In other words, a new commit forever saves the state of all the staged files along with any tracked but unchanged files that were in the working directory at the time of the commit. (Any new files or changes that were not staged, AKA "unstaged", but were inside the working directory will not be represented by that commit.) Later, when you "check out" a commit, it means that you're restoring the state of all the files in the working directory to a particular state represented by that commit, and (at least by default) you're also eliminating anything that was not part of that commit.

When you "pull" changes from a remote repository (say on github.com), git is downloading data just from inside the remote repository to inside your local repository. Then it does a checkout on the default branch of the project (usually "master", though you can call it anything you want).

You can visualize this process as such:

checkout:

commit stored in repository --> restored working directory to state of commit

add:

changes to things in working directory --> staged changes

commit:

state of tracked files including only staged changes + all unchanged tracked files --> repository

##What are git filters?

Git filters are special steps that you may set up called "clean" and "smudge". These steps automatically happen whenever you add changes or checkout files.

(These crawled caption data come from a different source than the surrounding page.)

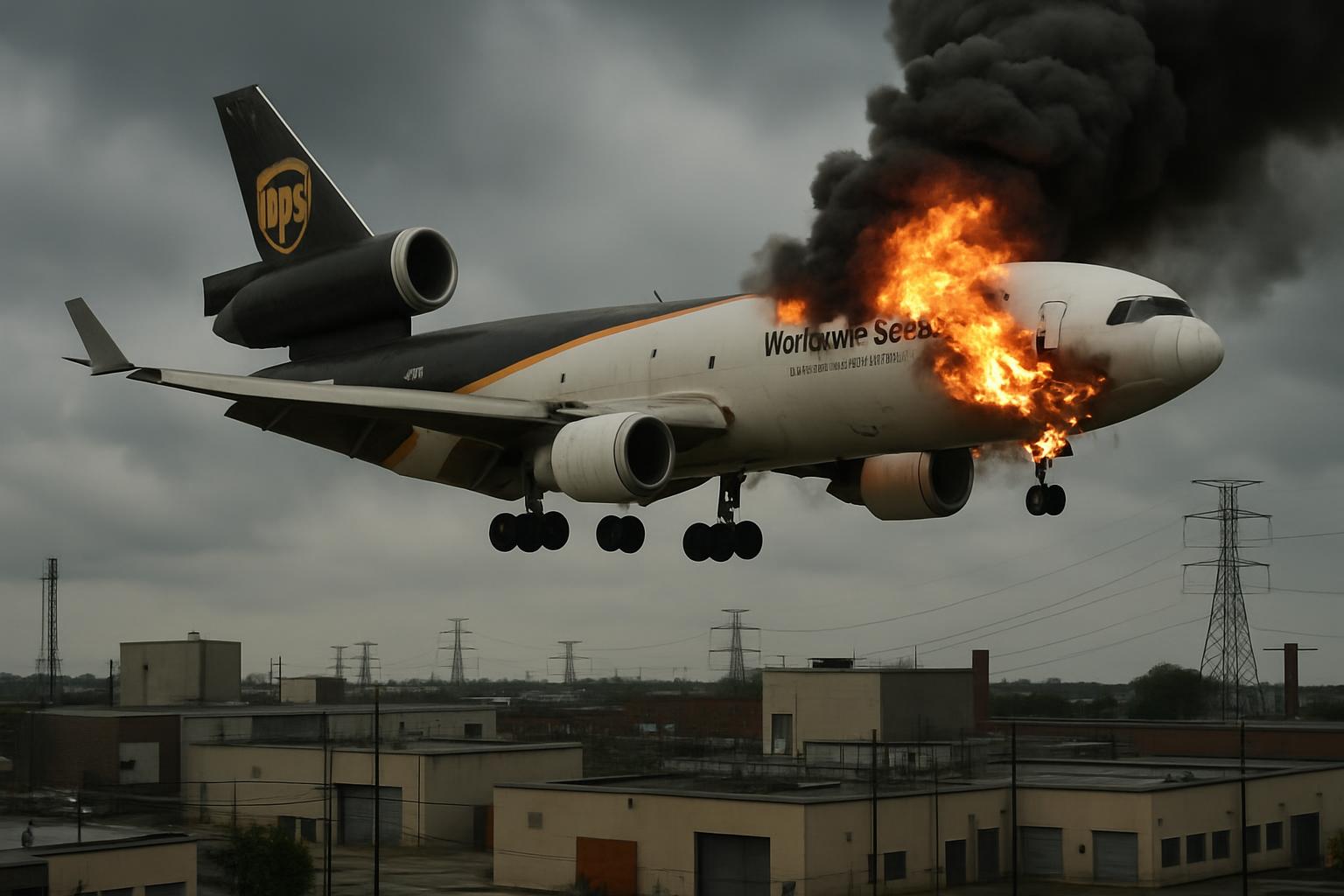 Boeing's Oversight in Engine Defect Linked to Fatal UPS Plane Crash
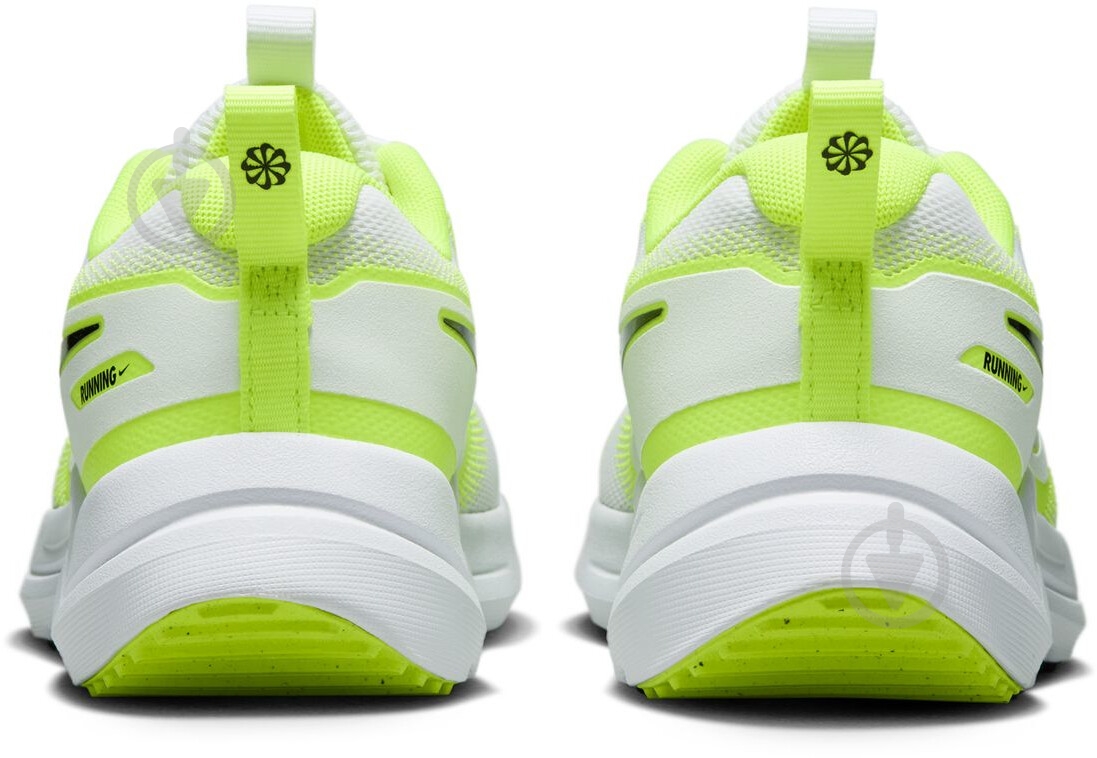 Кросівки дитячі Nike Cosmic Runner HM4402-106 р.39 біло-салатові - фото 6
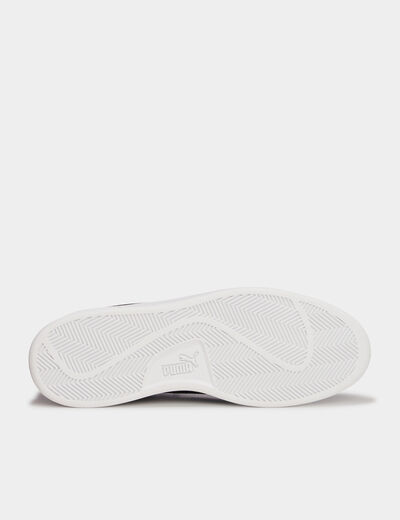 Tennis basses à lacets Puma Smash Buck gris homme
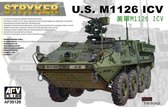 1:35 AFV Club 35126 M1126 ICV Stryker 8x8 Plastic kit
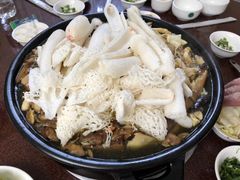 -江川野生菌火锅铜锅鱼(贵清火锅店)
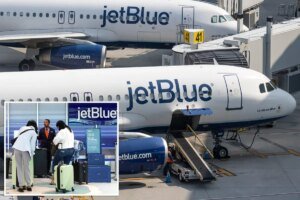 JetBlue hikes baggage fees to offset higher fuel costs sparked by Iran war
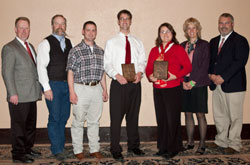 2011 Continuing Service Award Marty Ropp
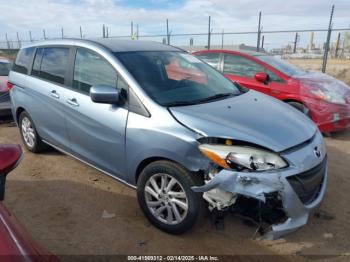  Salvage Mazda Mazda5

To create a filter for a specific repository, you can edit the file at .git/config, and add text to describe what the filter does like this:

[filter "name_of_filter"]
    clean  = unix_command_to_run --argument1 myArgument --argument2 myOtherArgument
    smudge = unix_command_to_run --argument myArgument`

Note: git refers to the unix_command_to_run and all its arguments as the "filter driver". Each filter has up to two drivers: one for clean and one for smudge.

Also note: the rule is that running the file through clean and then back through smudge should result in the same file as when you started, and vice versa. As well, running it through multiple cleans or multiple smudges in a row should have the same effect as just one in a row. Bear that in mind when you set up your filters. (I recommend using unit tests to make sure.)

Just adding the filter to your config file won't do anything. Next you need to tell git which files you want to "pipe" through that filter. To designate which files to use, make a file (or files, each) called .gitattributes, which can live anywhere in your working directory. In them you can designate certain files that should be run through a particular filter. The way you designate a filter and files to be filtered is like this:

line of text inside a .gitattributes file: path/to/file filter=name_of_filter

Note: the path/to/file.php is relative to where the .gitattributes file is that it is inside of. Wow that was grammatically awkward. But you know what I mean, right?

To check what filters are currently in effect for a given file in your working directory, on the command line you can type:

git check-attr -a path/to/file.php

If everything is setup right you should see:

file.php: filter: name_of_filter

OK, so, below, you can visualize our previous workflow visualization, now with git filters in action:

checkout:

commit stored in repository --> file designated by .gitattributes --> filter named by .gitattributes for that file --> run file through smudge filter driver designated in .git/config --> restored working directory to state of commit

add:

changes to things in working directory --> file designated by .gitattributes --> filter named by .gitattributes for that file --> run file through clean filter driver --> staged changes

Rule of thumb: don't designate more than one filter per file in your working directory (git will only run one, and the rules for which one overrides which one are confusing). Critically: If you need to run multiple unix commands on each file, then you need to make your filter driver be a script that runs multiple unix commands. And guess what? That's what expandr.sh is~~!!1 But wait, there's more.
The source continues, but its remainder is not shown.